New Zealand international law scholar

Benedict William Kingsbury is Vice Dean and Director of the Institute for International Law and Justice at New York University and a leading scholar in international law and diplomacy. He was recently also announced as a faculty director for the new NYU Law Guarini Institute for Global Legal Studies. Born in Holland and raised in Hamilton, New Zealand he was a Rhodes Scholar in 1982, a commercial law graduate (LLB Honors) from Canterbury University in Christchurch, New Zealand and a doctor of International Relations and Law at Balliol College, University of Oxford. He lectured at Oxford University and Duke University prior to his New York University Law School appointment. He is an honorary citizen of San Ginesio in Italy, the birthplace of Alberico Gentili (1552-1608). He received an honorary doctorate in law from Tilburg University in 2016. From 2013 to 2018 he was joint Editor in Chief of the American Journal of International Law (founded 1907). He received NYU Law School's Podell Distinguished Teaching Award in 2019.

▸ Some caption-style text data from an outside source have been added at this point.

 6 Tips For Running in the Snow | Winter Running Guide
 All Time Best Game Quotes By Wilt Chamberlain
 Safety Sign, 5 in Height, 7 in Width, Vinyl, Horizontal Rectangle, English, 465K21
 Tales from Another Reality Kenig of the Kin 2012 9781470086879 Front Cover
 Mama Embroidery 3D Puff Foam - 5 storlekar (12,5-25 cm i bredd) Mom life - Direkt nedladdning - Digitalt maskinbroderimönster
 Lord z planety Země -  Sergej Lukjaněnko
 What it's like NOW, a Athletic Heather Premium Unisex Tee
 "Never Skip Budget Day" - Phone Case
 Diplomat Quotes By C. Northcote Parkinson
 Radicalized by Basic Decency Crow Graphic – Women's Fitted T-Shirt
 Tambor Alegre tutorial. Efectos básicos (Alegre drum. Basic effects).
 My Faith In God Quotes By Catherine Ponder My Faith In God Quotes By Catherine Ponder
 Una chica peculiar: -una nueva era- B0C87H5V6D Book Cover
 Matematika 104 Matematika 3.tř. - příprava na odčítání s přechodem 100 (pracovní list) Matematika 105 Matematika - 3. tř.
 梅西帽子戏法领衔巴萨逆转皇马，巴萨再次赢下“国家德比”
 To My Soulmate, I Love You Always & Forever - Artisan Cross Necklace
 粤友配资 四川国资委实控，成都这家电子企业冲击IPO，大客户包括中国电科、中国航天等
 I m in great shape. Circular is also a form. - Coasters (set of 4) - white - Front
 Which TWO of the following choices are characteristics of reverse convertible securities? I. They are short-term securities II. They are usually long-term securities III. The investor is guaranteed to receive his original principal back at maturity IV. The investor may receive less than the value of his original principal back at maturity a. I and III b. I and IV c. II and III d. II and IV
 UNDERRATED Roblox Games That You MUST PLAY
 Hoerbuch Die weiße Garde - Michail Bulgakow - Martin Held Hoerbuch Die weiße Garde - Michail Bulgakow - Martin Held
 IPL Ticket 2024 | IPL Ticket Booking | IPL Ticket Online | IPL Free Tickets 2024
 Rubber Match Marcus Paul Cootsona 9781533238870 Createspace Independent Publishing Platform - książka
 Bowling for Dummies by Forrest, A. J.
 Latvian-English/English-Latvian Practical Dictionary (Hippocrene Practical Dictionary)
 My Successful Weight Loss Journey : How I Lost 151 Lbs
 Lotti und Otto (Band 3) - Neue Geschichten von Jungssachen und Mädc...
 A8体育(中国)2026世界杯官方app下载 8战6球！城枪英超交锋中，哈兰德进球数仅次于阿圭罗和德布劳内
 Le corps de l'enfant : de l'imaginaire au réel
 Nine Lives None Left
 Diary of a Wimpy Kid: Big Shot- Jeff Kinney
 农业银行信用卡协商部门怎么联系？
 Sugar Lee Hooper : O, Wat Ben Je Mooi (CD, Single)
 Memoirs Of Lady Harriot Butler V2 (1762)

A leading academic on the rights of indigenous peoples in international law, his professional interests also include global administrative law, the history and theory of international law, and the international law of global governance. His ongoing research programs at NYU involve work on infrastructure as regulation, and on global tech law and global data law.

His publications include two books edited with Sir Adam Roberts on the United Nations and Hugo Grotius.

== Publications ==

- Megaregulation Contested: Global Economic Ordering After TPP (Oxford University Press, 2019) (ed. with David M. Malone, Paul Mertenskötter, Richard B. Stewart, Thomas Streinz and Atsushi Sunami)
- Hacia el Derecho Administrativo Global: Fundamentos, Principios y Ámbito de Aplicación (Global Law Press-Editorial Depeche Global, 2016) (with Richard B. Stewart)
- The Quiet Power of Indicators: Measuring Governance, Corruption, and Rule of Law (Cambridge University Press, 2015) (ed. with Sally Engle Merry and Kevin E. Davis)
- Ge Lao Xiu Si Yu Guo Ji Guan Xi (Hugo Grotius and International Relations) (2014) (ed. with Hedley Bull and Adam Roberts)
- Governance by Indicators: Global Power Through Quantification and Rankings (Oxford University Press, 2012) (ed. with Kevin E. Davis, Angelina Fisher and Sally Engle Merry)
- International Financial Institutions and Global Legal Governance (World Bank, 2012) (ed. with Hassane Cisse and Daniel Bradlow)
- Alberico Gentili, The Wars of the Romans: A Critical Edition and Translation of De Armis Romanis (Oxford University Press, 2011) (ed. with Benjamin Straumann)
- The Roman Foundations of the Law of Nations: Alberico Gentili and the Justice of Empire (Oxford University Press, 2010) (ed. with Benjamin Straumann)
- United Nations, Divided World, Chinese edition with fully revised Introductory chapter and appendices, and foreword by Professor Wang Jisi of Peking University (Beijing: Central Composition and Translation Press, 2010) (ed. with Sir Adam Roberts)
- El Surgimiento del Derecho Administrativo Global: Desafios para America Latina (The New Global Administrative Law: Challenges for Latin America) (Res Publica, 2009) (ed. with others)
- Symposium on 'Armed Activities on the Territory of the Congo: Democratic Republic of Congo v. Uganda' (40 NYU Journal of International Law and Politics 1 -217, 2008) (with J.H.H. Weiler)
- Symposium on Global Governance and Global Administrative Law in the International Legal Order (17 European Journal of International Law 1–278, 2006) (ed. with Nico Krisch)
- Indigenous Groups and the Politics of Recognition in Asia: Cases from Japan, Taiwan, West Papua, Bali, the People's Republic of China, and Gilgit (II 1-2 International Journal on Minority and Group Rights 1–228, 2004) (ed. with Kirsty Gover)
- Alberico Gentili e Il Mondo Extraeuropeo: Atti Del Convegno Settima Giornata Gentiliana (Dott. A. Giuffre Editore, 2001)
- Indigenous Peoples of Asia (Association of Asian Studies, 1995) (with R.H. Barnes, Andrew Gray et al.)
- United Nations, Divided World: The UN's Roles in International Relations (Oxford University Press, 1993) (ed. with Sir Adam Roberts)
- The International Politics of the Environment (Oxford University Press, 1992) (with Andrew Hurrell)
- Hugo Grotius and International Relations (Oxford University Press, 1990) (with Hedley Bull, Sir Adam Roberts et al.)

==Lectures==
- What, How, and Who Should Public International Law Regulate? New Problems of Global Administrative Governance in the Lecture Series of the United Nations Audiovisual Library of International Law.